However hours after Lula's appointment, federal judge Sergio Moro, who is heading a probe into the Petrobras scandal, ordered the release of a call recorded by police suggesting darker motives.
Rousseff called Lula's bugged phone to tell him she would be sending him the official decree nominating him as her chief of staff so that he could make use of it "if necessary."
That extract seems to confirm that Lula's nomination to the post was aimed at sparing him possible arrest for corruption.
Cabinet ministers can only be tried before the Supreme Court in Brazil, and ministerial immunity will now protect Lula from prosecution in criminal court.
Lula vigorously denies involvement in the scandal, in which investigators say construction companies conspired with Petrobras executives to overbill the oil giant to the tune of $2 billion, paying huge bribes to politicians and parties along the way.
Rousseff's office said the phone call was merely to discuss a procedural matter.
The recording's release caused an uproar in Congress, where furious opposition lawmakers shouted "Resign!

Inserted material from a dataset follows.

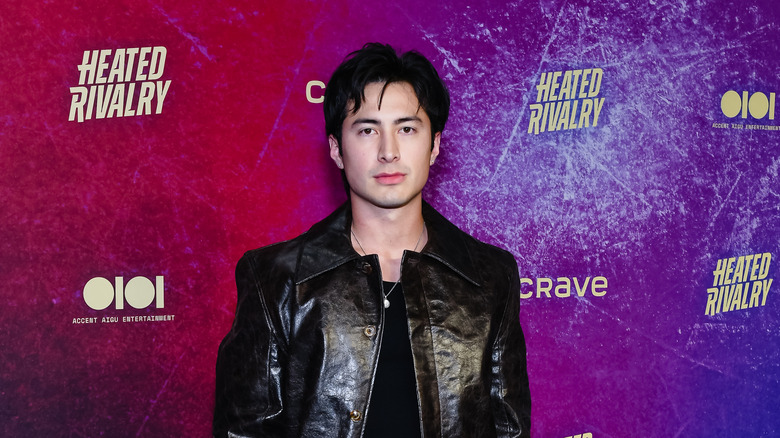 Hudson Williams at a premiere event for Heated Rivalry wearing a black leather jacket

Resign!"
Some 2,000 people spontaneously gathered in the capital Brasilia to demand that Lula step down and Rousseff leave office.
"Instead of explaining himself and assuming his responsibilities, former president Lula preferred to flee out the back door," said lawmaker Antonio Imbassahy, lower house leader for opposition party PMDB.
"It's a confession of guilt and a slap to society. President Dilma, by appointing him, has become his accomplice," Imbassahy added. "The final chapter in this story will be her impeachment."
As night fell, another protest broke out in Sao Paulo.
"Resign! Resign!" shouted several thousand protesters gathered outside the building housing FIESP, a powerful federation of Sao Paulo industries. The building was illuminated in green and yellow -- Brazil's national colors -- and included a large inscription that read "Impeach now."
The impeachment push is not directly related to the corruption scandal, but has advanced in tandem with it.
The president's office responded by announcing that "judicial and administrative measures" would be taken to "repair the flagrant violation of the law and the constitution committed" by judge Moro, but gave no specifics.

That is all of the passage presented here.